2008-01-08 2-minute read

The security we use to protect May First/People Link members is not perfect, but we try pretty hard with what I would consider to be a good results.

I’m constantly amazed to see how much better capitalized industries and companies fail to take even basic steps to secure their systems.

Consider the banking industry. We’ve always known that the information that is on our credit cards - the same credit cards we hand over to countless people, the same information we provide over the phone and the Internet to yet more people, is all the information anyone needs to take our money. This should not come as a surprise, given our history with checks.

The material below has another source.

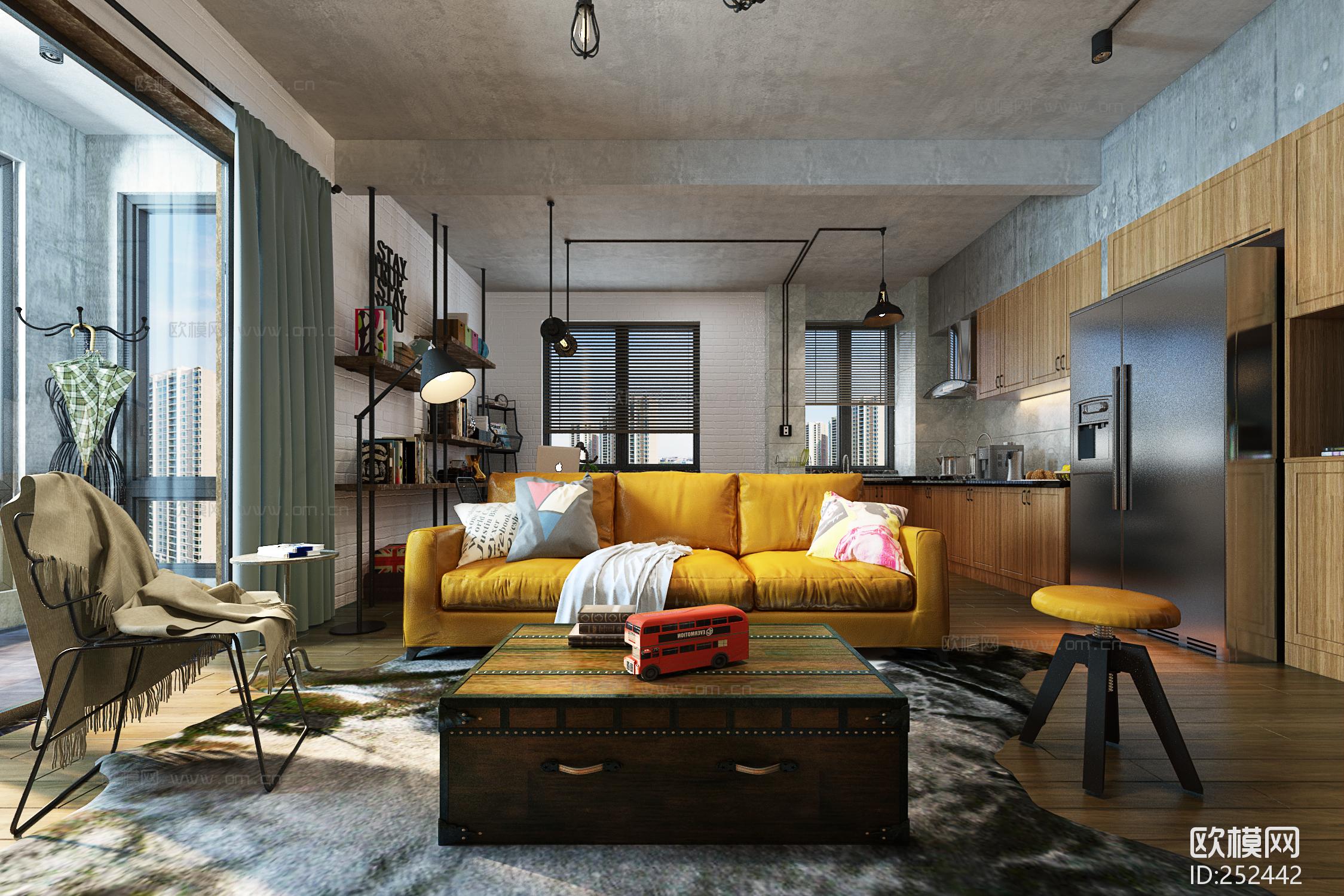 工业风客餐厅厨房3d模型-免费3dmax模型库-欧模网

The information on a single check is enough to compromise ourselves financially (thanks dkg for pointing out an interesting articles on the topic of identity theft via routing numbers.

The other day I read an [article about a credit card breach]((http://www.nytimes.com/2008/03/23/us/23credit.html) due to information be stolen in transit between computers. My favorite quote was: “Wider use of encryption might seem an obvious answer. But in practice, encryption is unused at certain points in a data-processing chain because the computing power it requires can slow transactions.” Hm. I guess it depends on where you priorities are.

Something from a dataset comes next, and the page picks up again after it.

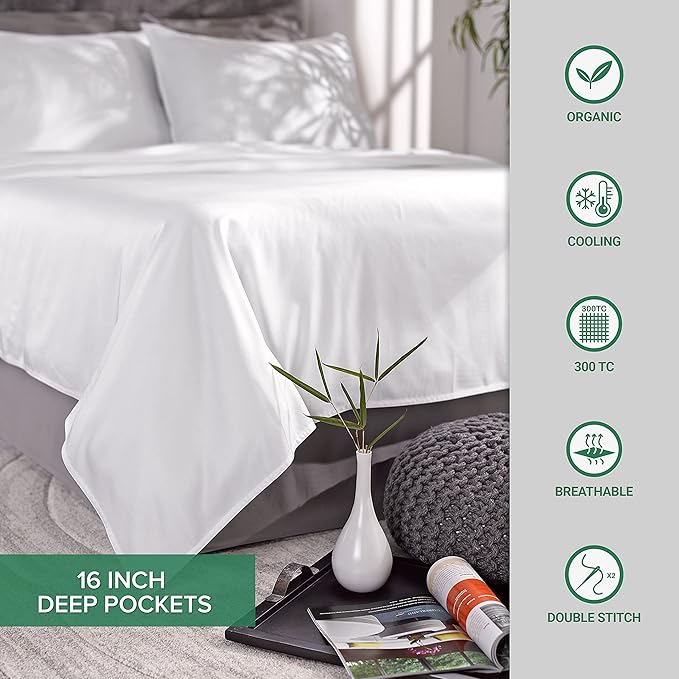 Pure Bamboo Full Sheets, Genuine 100% Organic Viscose Derived from Bamboo Bed Sheet Set, Luxuriously Soft & Cooling, Double Stitching, 2 Year Quality Promise (Full, Jacquard Stone)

This morning I had yet another experience - this one personal. I realized that I didn’t have the flight number or confirmation of a flight I bought for my brother. I called the American Airlines phone number and, talking to their automated voice thingy, I gave the city and time of the departure and my brother’s last name and AA confirmed his flight. I had my credit card ready so I could enter the last four digits to prove that I was the one who bought the ticket - but apparently that’s not necessary. I considered calling back and saying a number of different last names to see if I could build a list of passengers.